Trump is unnecessarily sparking yet another international row. BRICS member-states are dissatisfied with the policies of western-led financial institutions, including the International Monetary Fund and World Bank. They are also frustrated with the dollar’s status as a reserve currency, but there is no intention to de-dollarise. Hosting the BRICS summit in Kazan in 2024, Russia had called for a reassessment of the dollar’s central role in global finance. But in Rio de Janeiro, Russia denied that a BRICS currency for payments between members had ever been discussed. Meanwhile, de-dollarisation would not be in the interests of India and China because the US is their largest trading partner and they are struggling to keep Trump’s tariffs against them at bay.
In principle, the enlarged BRICS has the potential to become a major geopolitical and geoeconomic force. The group represents more than 40% of the world’s population and produces 30 % of its oil. BRICS countries have established considerable intergovernmental cooperation. Significantly, China is the largest contributor to the group’s New Development Bank which challenges Western-dominated institutions of global economic governance.
There is considerable uncertainty about whether BRICS+ could become a coherent, anti-Western bloc. Such an outcome would only complicate prospects for multilateralism and may not be attractive to many of its members. Not all of them are hostile even to Trump’s US, which is antagonistic to any country that disagrees with it. India, for example, is a member of the Quad and is currently negotiating a trade deal with the US. China, the greatest challenger to the American superpower, will not move against the US for the sake of the developing world but it will do so to advance its own interests. At another level, China will block India’s accession to permanent membership of the UN Security Council or any criticism of Pakistani-exported terrorism—both were omitted from the final communiqué of the BRICS+ summit. And a group as divided as the BRICS cannot replace Western capitalism represented by the G7.

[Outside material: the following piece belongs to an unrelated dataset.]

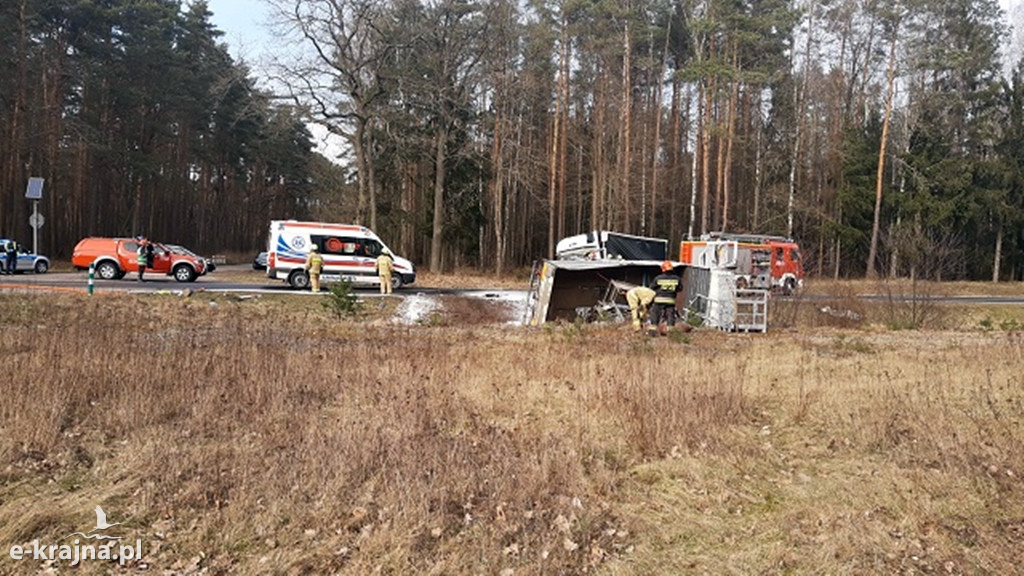 Wypadek pomiędzy Więcborkiem i Złotowem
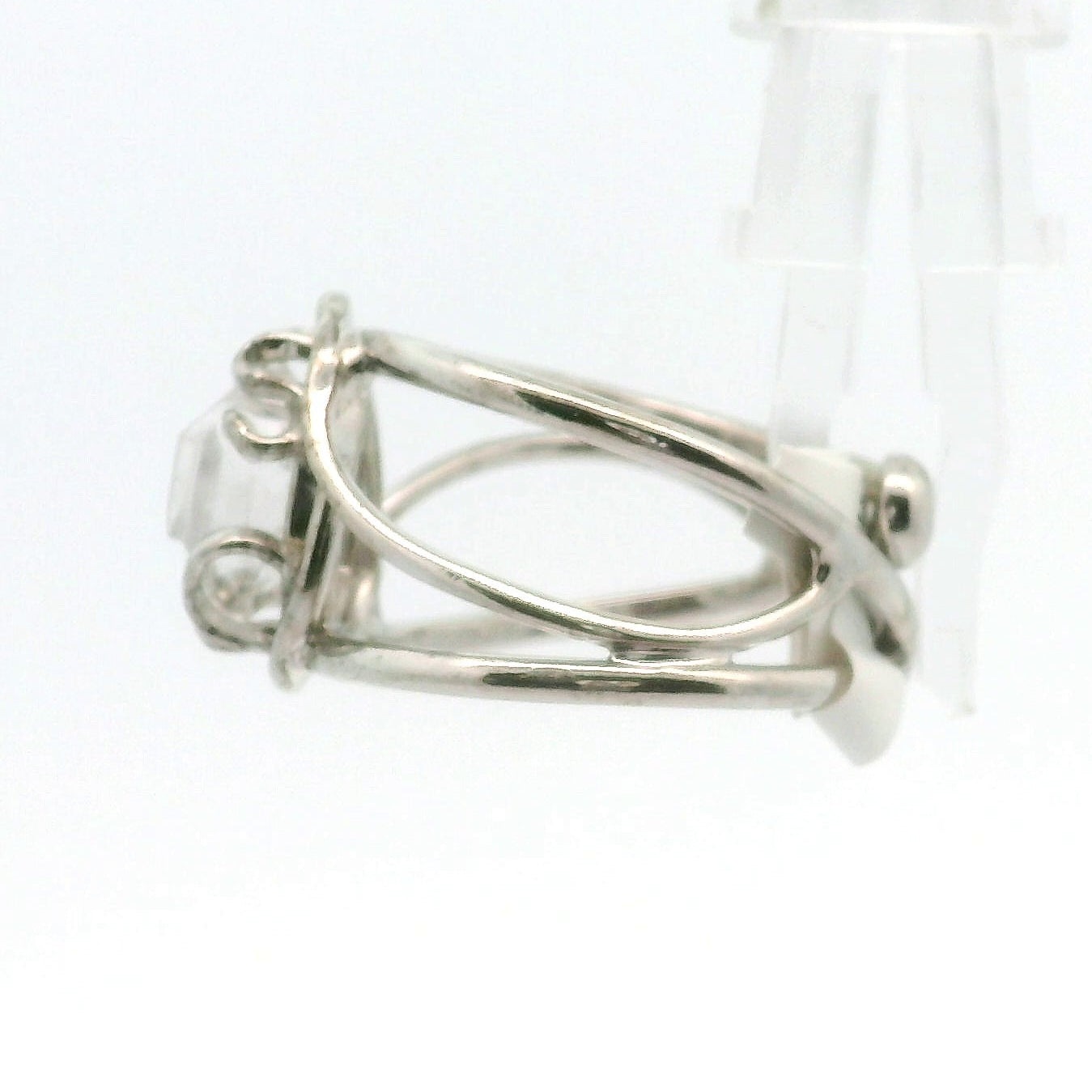 Herkimer Quartz Cuff Ring .925 Silver for Healing, Intention Setting and Manifesting your Desires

China’s President Xi Jinping did not attend the BRICS summit in Brazil; China’s premier Li Qiang replaced him. That did take some of the shine off the meeting since Xi has played a major role in making his country the US’s greatest world challenger.
The potential of BRICS members and partner countries to fulfil their individual aspirations via the grouping hinges on which vision of the future of the world order will ultimately play out. Will they be able to create a more egalitarian mode of global governance, hedge against Western instability while maintaining a geopolitical neutrality, or participate in an alternative international economic system outside the reaches of American sanctions? Much will hinge on the degree of common purpose shown by the US’s European allies, whose like-mindedness and solidarity the second Trump administration has suddenly called into question.
Over the past two years, BRICS
has significantly expanded its list of members and partners as countries pursue new economic opportunities, political influence, and greater resilience while Washington retreats from key international institutions. That has raised more hopes about BRICS. However, BRICS remains too divided by a mix of national interests and economic weaknesses—and a continuing dependence on Europe and the US—to gain the spotlight as the champion of multilateralism.